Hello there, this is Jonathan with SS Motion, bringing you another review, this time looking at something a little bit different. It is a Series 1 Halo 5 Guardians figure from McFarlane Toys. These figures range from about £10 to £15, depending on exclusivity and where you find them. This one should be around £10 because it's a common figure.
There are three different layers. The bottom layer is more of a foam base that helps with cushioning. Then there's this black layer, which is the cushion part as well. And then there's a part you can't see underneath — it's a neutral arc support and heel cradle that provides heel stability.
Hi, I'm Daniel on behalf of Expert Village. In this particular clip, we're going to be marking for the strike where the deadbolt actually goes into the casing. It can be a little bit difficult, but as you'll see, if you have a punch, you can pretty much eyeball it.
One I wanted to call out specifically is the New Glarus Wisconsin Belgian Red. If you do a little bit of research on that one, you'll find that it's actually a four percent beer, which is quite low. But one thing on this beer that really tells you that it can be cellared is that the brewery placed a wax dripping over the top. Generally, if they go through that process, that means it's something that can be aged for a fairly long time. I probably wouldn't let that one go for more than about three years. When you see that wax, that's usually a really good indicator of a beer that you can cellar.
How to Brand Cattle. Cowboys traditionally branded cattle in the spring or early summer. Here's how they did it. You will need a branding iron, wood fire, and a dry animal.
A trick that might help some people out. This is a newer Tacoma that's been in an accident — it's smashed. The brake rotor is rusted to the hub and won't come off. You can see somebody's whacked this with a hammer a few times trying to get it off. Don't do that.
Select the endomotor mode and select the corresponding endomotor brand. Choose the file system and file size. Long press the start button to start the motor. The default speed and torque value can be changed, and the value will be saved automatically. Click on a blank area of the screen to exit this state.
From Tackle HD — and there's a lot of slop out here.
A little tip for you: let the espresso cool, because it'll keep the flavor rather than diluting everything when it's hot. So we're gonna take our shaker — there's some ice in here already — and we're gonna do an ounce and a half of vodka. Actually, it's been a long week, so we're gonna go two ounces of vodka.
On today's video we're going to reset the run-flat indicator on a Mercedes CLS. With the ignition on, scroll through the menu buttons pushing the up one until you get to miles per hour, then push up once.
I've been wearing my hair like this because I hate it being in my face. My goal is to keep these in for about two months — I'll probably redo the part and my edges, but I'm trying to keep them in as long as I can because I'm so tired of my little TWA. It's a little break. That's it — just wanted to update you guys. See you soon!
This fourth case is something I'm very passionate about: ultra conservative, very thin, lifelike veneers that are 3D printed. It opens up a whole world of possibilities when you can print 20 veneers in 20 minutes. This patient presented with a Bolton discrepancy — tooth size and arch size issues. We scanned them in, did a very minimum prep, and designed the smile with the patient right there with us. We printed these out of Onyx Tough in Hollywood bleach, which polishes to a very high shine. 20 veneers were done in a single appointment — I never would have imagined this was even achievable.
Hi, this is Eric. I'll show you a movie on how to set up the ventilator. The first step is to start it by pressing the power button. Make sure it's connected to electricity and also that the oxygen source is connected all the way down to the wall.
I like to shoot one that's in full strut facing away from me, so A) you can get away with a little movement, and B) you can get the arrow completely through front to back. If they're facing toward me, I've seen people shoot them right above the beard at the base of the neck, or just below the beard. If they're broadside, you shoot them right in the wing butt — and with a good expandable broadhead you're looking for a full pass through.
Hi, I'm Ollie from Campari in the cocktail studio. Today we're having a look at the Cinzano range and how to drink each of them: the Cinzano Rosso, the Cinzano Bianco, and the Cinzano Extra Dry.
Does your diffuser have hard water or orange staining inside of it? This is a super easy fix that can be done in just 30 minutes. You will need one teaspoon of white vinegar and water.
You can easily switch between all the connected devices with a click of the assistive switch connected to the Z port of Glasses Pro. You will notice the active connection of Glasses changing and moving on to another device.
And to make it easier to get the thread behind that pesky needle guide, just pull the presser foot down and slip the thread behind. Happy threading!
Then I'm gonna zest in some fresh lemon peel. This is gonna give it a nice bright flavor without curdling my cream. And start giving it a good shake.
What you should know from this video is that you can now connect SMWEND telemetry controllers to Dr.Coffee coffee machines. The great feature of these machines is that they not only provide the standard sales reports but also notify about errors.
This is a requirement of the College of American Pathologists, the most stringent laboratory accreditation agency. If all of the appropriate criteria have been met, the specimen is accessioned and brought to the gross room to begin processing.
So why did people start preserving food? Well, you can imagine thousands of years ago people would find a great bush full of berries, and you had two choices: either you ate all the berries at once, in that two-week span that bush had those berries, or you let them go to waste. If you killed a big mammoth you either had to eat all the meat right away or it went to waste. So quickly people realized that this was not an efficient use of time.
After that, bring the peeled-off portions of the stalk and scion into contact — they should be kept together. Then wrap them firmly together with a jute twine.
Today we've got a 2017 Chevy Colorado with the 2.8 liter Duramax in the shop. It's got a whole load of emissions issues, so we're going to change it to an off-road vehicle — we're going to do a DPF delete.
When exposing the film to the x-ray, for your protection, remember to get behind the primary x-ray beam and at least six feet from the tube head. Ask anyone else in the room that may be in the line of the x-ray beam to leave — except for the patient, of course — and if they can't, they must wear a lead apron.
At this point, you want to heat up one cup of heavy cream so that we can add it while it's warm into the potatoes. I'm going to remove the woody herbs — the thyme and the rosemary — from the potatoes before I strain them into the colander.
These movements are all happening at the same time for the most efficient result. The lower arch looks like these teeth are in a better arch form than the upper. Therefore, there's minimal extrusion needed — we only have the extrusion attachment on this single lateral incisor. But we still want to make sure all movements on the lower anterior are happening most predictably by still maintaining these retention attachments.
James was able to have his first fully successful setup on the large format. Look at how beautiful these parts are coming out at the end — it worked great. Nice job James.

- _Work task_: Your response should consist of the full listing, repeated exactly.

- _Result below_:
Hello there, this is Jonathan with SS Motion, bringing you another review, this time looking at something a little bit different. It is a Series 1 Halo 5 Guardians figure from McFarlane Toys. These figures range from about £10 to £15, depending on exclusivity and where you find them. This one should be around £10 because it's a common figure.
There are three different layers. The bottom layer is more of a foam base that helps with cushioning. Then there's this black layer, which is the cushion part as well. And then there's a part you can't see underneath — it's a neutral arc support and heel cradle that provides heel stability.
Hi, I'm Daniel on behalf of Expert Village. In this particular clip, we're going to be marking for the strike where the deadbolt actually goes into the casing. It can be a little bit difficult, but as you'll see, if you have a punch, you can pretty much eyeball it.
One I wanted to call out specifically is the New Glarus Wisconsin Belgian Red. If you do a little bit of research on that one, you'll find that it's actually a four percent beer, which is quite low. But one thing on this beer that really tells you that it can be cellared is that the brewery placed a wax dripping over the top. Generally, if they go through that process, that means it's something that can be aged for a fairly long time. I probably wouldn't let that one go for more than about three years. When you see that wax, that's usually a really good indicator of a beer that you can cellar.
How to Brand Cattle. Cowboys traditionally branded cattle in the spring or early summer. Here's how they did it. You will need a branding iron, wood fire, and a dry animal.
A trick that might help some people out. This is a newer Tacoma that's been in an accident — it's smashed. The brake rotor is rusted to the hub and won't come off. You can see somebody's whacked this with a hammer a few times trying to get it off. Don't do that.
Select the endomotor mode and select the corresponding endomotor brand. Choose the file system and file size. Long press the start button to start the motor. The default speed and torque value can be changed, and the value will be saved automatically. Click on a blank area of the screen to exit this state.
From Tackle HD — and there's a lot of slop out here.
A little tip for you: let the espresso cool, because it'll keep the flavor rather than diluting everything when it's hot. So we're gonna take our shaker — there's some ice in here already — and we're gonna do an ounce and a half of vodka. Actually, it's been a long week, so we're gonna go two ounces of vodka.
On today's video we're going to reset the run-flat indicator on a Mercedes CLS. With the ignition on, scroll through the menu buttons pushing the up one until you get to miles per hour, then push up once.
I've been wearing my hair like this because I hate it being in my face. My goal is to keep these in for about two months — I'll probably redo the part and my edges, but I'm trying to keep them in as long as I can because I'm so tired of my little TWA. It's a little break. That's it — just wanted to update you guys. See you soon!
This fourth case is something I'm very passionate about: ultra conservative, very thin, lifelike veneers that are 3D printed. It opens up a whole world of possibilities when you can print 20 veneers in 20 minutes. This patient presented with a Bolton discrepancy — tooth size and arch size issues. We scanned them in, did a very minimum prep, and designed the smile with the patient right there with us. We printed these out of Onyx Tough in Hollywood bleach, which polishes to a very high shine. 20 veneers were done in a single appointment — I never would have imagined this was even achievable.
Hi, this is Eric. I'll show you a movie on how to set up the ventilator. The first step is to start it by pressing the power button. Make sure it's connected to electricity and also that the oxygen source is connected all the way down to the wall.
I like to shoot one that's in full strut facing away from me, so A) you can get away with a little movement, and B) you can get the arrow completely through front to back. If they're facing toward me, I've seen people shoot them right above the beard at the base of the neck, or just below the beard. If they're broadside, you shoot them right in the wing butt — and with a good expandable broadhead you're looking for a full pass through.
Hi, I'm Ollie from Campari in the cocktail studio. Today we're having a look at the Cinzano range and how to drink each of them: the Cinzano Rosso, the Cinzano Bianco, and the Cinzano Extra Dry.
Does your diffuser have hard water or orange staining inside of it? This is a super easy fix that can be done in just 30 minutes. You will need one teaspoon of white vinegar and water.
You can easily switch between all the connected devices with a click of the assistive switch connected to the Z port of Glasses Pro. You will notice the active connection of Glasses changing and moving on to another device.
And to make it easier to get the thread behind that pesky needle guide, just pull the presser foot down and slip the thread behind. Happy threading!
Then I'm gonna zest in some fresh lemon peel. This is gonna give it a nice bright flavor without curdling my cream. And start giving it a good shake.
What you should know from this video is that you can now connect SMWEND telemetry controllers to Dr.Coffee coffee machines. The great feature of these machines is that they not only provide the standard sales reports but also notify about errors.
This is a requirement of the College of American Pathologists, the most stringent laboratory accreditation agency. If all of the appropriate criteria have been met, the specimen is accessioned and brought to the gross room to begin processing.
So why did people start preserving food? Well, you can imagine thousands of years ago people would find a great bush full of berries, and you had two choices: either you ate all the berries at once, in that two-week span that bush had those berries, or you let them go to waste. If you killed a big mammoth you either had to eat all the meat right away or it went to waste. So quickly people realized that this was not an efficient use of time.
After that, bring the peeled-off portions of the stalk and scion into contact — they should be kept together. Then wrap them firmly together with a jute twine.
Today we've got a 2017 Chevy Colorado with the 2.8 liter Duramax in the shop. It's got a whole load of emissions issues, so we're going to change it to an off-road vehicle — we're going to do a DPF delete.
When exposing the film to the x-ray, for your protection, remember to get behind the primary x-ray beam and at least six feet from the tube head. Ask anyone else in the room that may be in the line of the x-ray beam to leave — except for the patient, of course — and if they can't, they must wear a lead apron.
At this point, you want to heat up one cup of heavy cream so that we can add it while it's warm into the potatoes. I'm going to remove the woody herbs — the thyme and the rosemary — from the potatoes before I strain them into the colander.
These movements are all happening at the same time for the most efficient result. The lower arch looks like these teeth are in a better arch form than the upper. Therefore, there's minimal extrusion needed — we only have the extrusion attachment on this single lateral incisor. But we still want to make sure all movements on the lower anterior are happening most predictably by still maintaining these retention attachments.
James was able to have his first fully successful setup on the large format. Look at how beautiful these parts are coming out at the end — it worked great. Nice job James.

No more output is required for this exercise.